Tuesday, February 25, 2020

Jimmy inherits the wind (March 5, 1998)






March 5, 1998

 I can't help thinking how odd it is that Jimmy is now director of a library.
 His manipulating himself into the post is less puzzling than the desire for it, though that is looking at it from a much more distant perspective.
 "We grow old, We grow old, we drink our coffee cold," T.S. Eliot wrote in The Love Song of J Alfred Prufock, and in Jimmy's case, it is true.
 Age makes conservatives of us all, even Jimmy.
 When we were young, we believed Jimmy would be a king, someone akin to JFK, with an ability to convert the world to his purposes. In our hometown, adults feared his influence over their children, some even moving out of the state to avoid his stealing their children's souls.
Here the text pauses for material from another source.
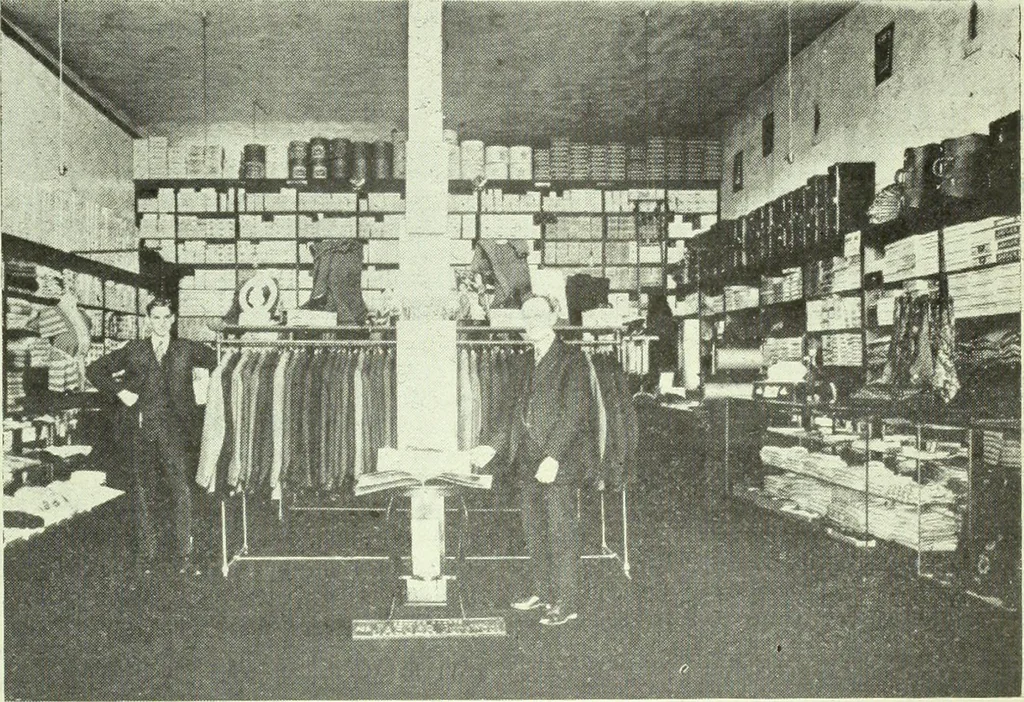 An illustration from Men's wear of Canada (January-December 1920), 1920, leaf 1044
 As a rock and roll star, Jimmy could have become another John Lennon, only he grew too bored too quickly, and preferred quite nights alone at home with the TV and a snack from Quick Chek.
 Like a cat, Jimmy always managed to land on his feet. When he got fired from a job, he found someone to support him. When he got thrown out of an apartment, he managed to find someone to take him in.
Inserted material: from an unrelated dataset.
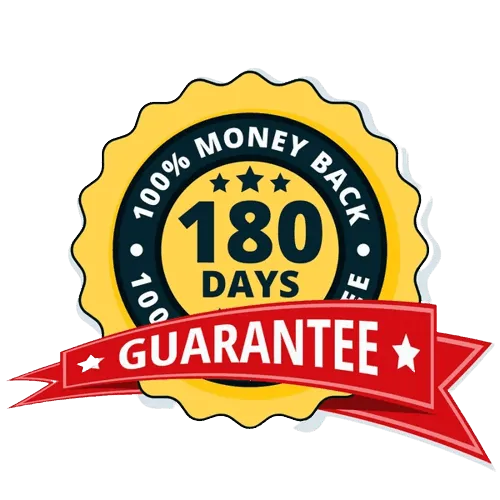 money back 180 day only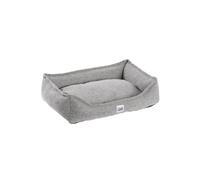 Mon ami Luki - Panier Rectangle - Anti-Derapant - Gris - Chien - 75x60x20CM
 More than once, I saw doom for him, only to watch him twist it into an opportunity. He was never short food or computers. He rarely had to walk to work. And he always managed to find himself in a position of authority, when he had to earn his keep.
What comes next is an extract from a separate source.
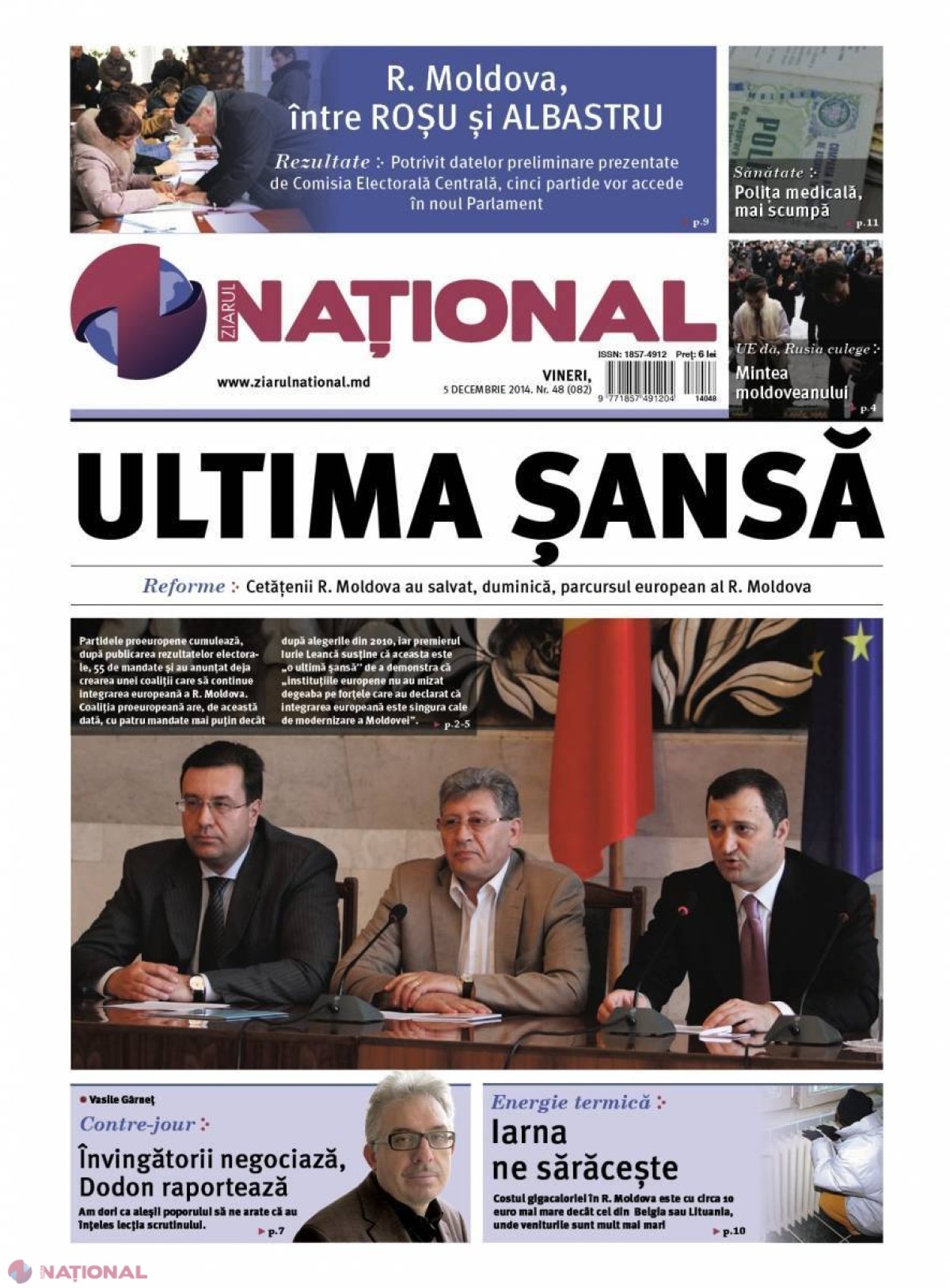HARTĂ // R. Moldova, între ROȘU și ALBASTRU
 I have seen him working in a variety of jobs, from his days loading trucks in the Little Falls Laundry to those days waiting on customers at the Ledgewood Dunkin Donuts. But when he first got his part time job in the library, I thought: "Now isn't that quaint. He found a niche."
 I didn't know how large a niche at the time, nor did I think it would ever amount to a career. I must admit I admired him when he stretched it out into years, working his 20 hours a week, living off Rick, and when that failed, finding himself a room with a hot plate where he could cook and remain comfortable without having to seek a second job. Year after year, he kept that post, and then, late last year, the director decided to retire.
  And because he was there so long, the trustees gave the job to him, grandfathering him into the position so that he would never have to get a degree.
 How odd!
 One more brilliant manipulation in a life of such manipulations, and yet, sadly, something of a letdown, a settling for less, when my own expectations remained high for him, even when his own had cooled.
 "We grow old! We grow old! We drink our coffee cold."